Newbie question about text encoding

Sat Mar 7 10:40:35 EST 2015

Marko Rauhamaa wrote:

> That said, UTF-8 does suffer badly from its not being
> a bijective mapping.

Can you explain?

As far as I am aware, every code point has one and only one valid UTF-8
encoding, and every UTF-8 encoding has one and only one valid code point.

There are *invalid* UTF-8 encodings, such as CESU-8, which is sometimes
mislabelled as UTF-8 (Oracle, I'm looking at you.) It violates the rule
that valid UTF-8 encodings are the shortest possible.

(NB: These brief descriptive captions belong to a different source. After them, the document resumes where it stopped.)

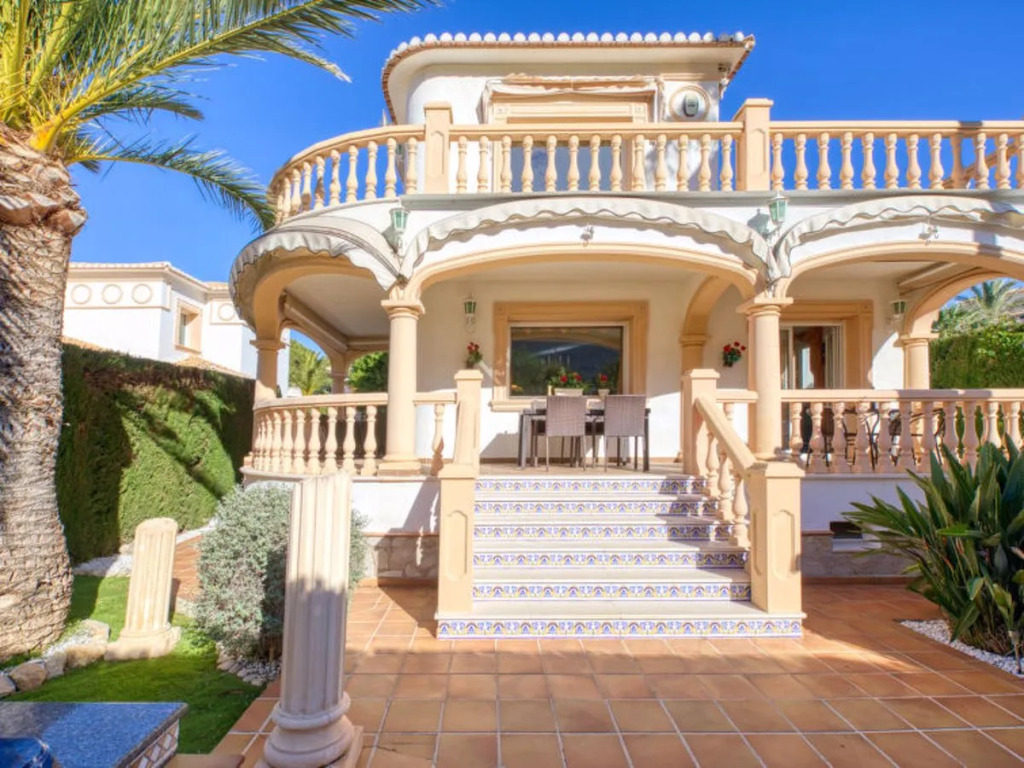Villa Villa Toscana by Interhome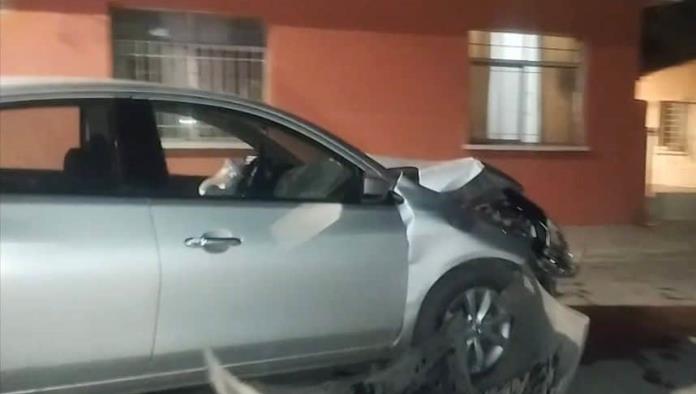 Se pasa alto y choca automóvil Nissan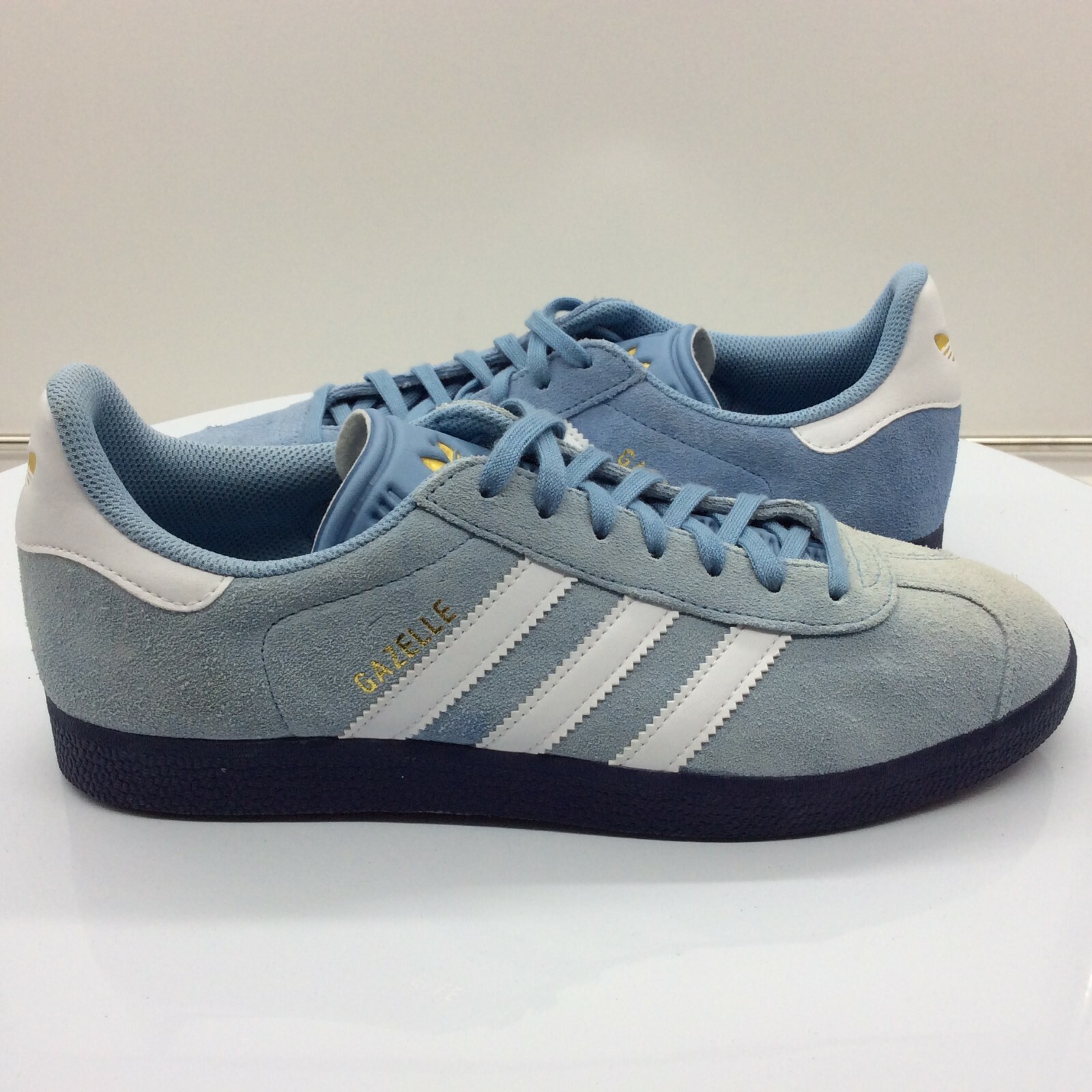 LIGHT BLUE GAZELLE TRAINERS BLUE SOLE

E.g. SMP code points should be encoded to four bytes using UTF-8:

py> u'\U0010FF01'.encode('utf-8')  # U+10FF01
'\xf4\x8f\xbc\x81'

But in CESU-8, the code point is first interpreted as a UTF-16 surrogate
pair:

py> u'\U0010FF01'.encode('utf-16be')
'\xdb\xff\xdf\x01'

then each surrogate pair is treated as a 16-bit code unit and individually
encoded to three bytes using UTF-8:

py> u'\udbff'.encode('utf-8')
'\xed\xaf\xbf'
py> u'\udf01'.encode('utf-8')
'\xed\xbc\x81'

giving six bytes in total:

'\xed\xaf\xbf\xed\xbc\x81'

This is not UTF-8! But some software mislabels it as UTF-8.

-- 
Steven